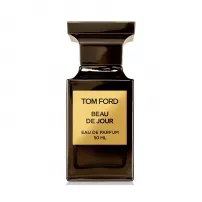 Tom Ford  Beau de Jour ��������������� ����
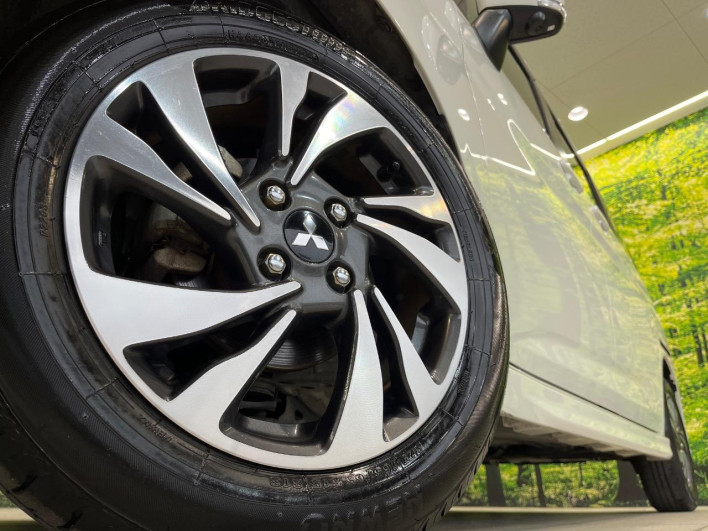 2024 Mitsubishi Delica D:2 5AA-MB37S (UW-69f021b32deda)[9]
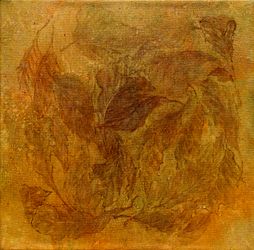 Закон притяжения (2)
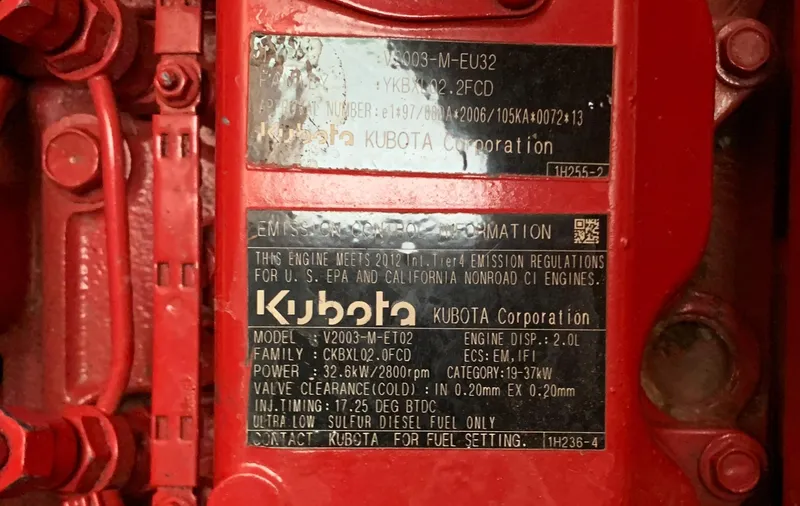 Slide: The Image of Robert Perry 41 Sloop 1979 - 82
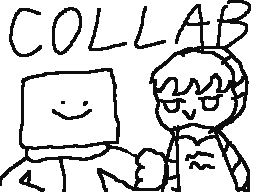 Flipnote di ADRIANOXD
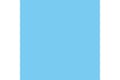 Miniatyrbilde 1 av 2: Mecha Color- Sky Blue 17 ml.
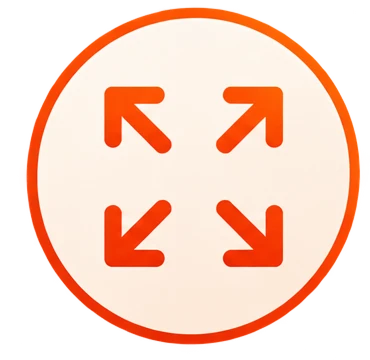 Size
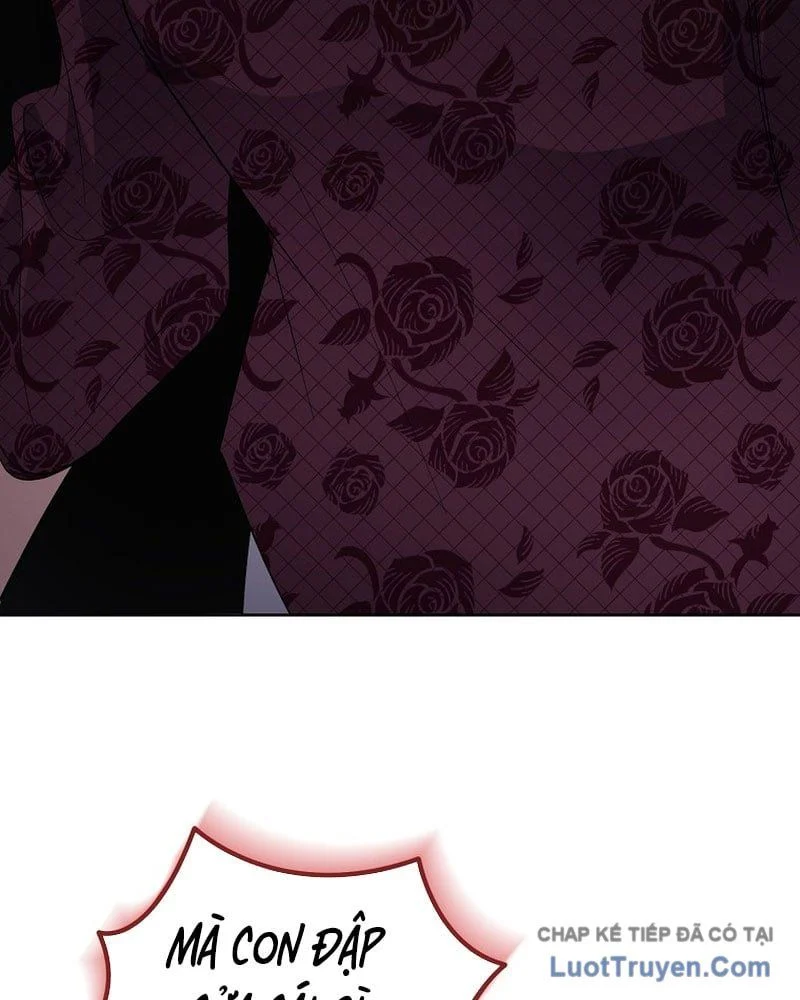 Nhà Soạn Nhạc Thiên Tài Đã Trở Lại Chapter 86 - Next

■ Required action ■
Go back to the line that contains "Slide: The Image" and copy it, along with each line after it through the end of the listing above, exactly and without pictures.

■ Exercise solution ■
 Slide: The Image of Robert Perry 41 Sloop 1979 - 82
 Flipnote di ADRIANOXD
 Miniatyrbilde 1 av 2: Mecha Color- Sky Blue 17 ml.
 Size
 Nhà Soạn Nhạc Thiên Tài Đã Trở Lại Chapter 86 - Next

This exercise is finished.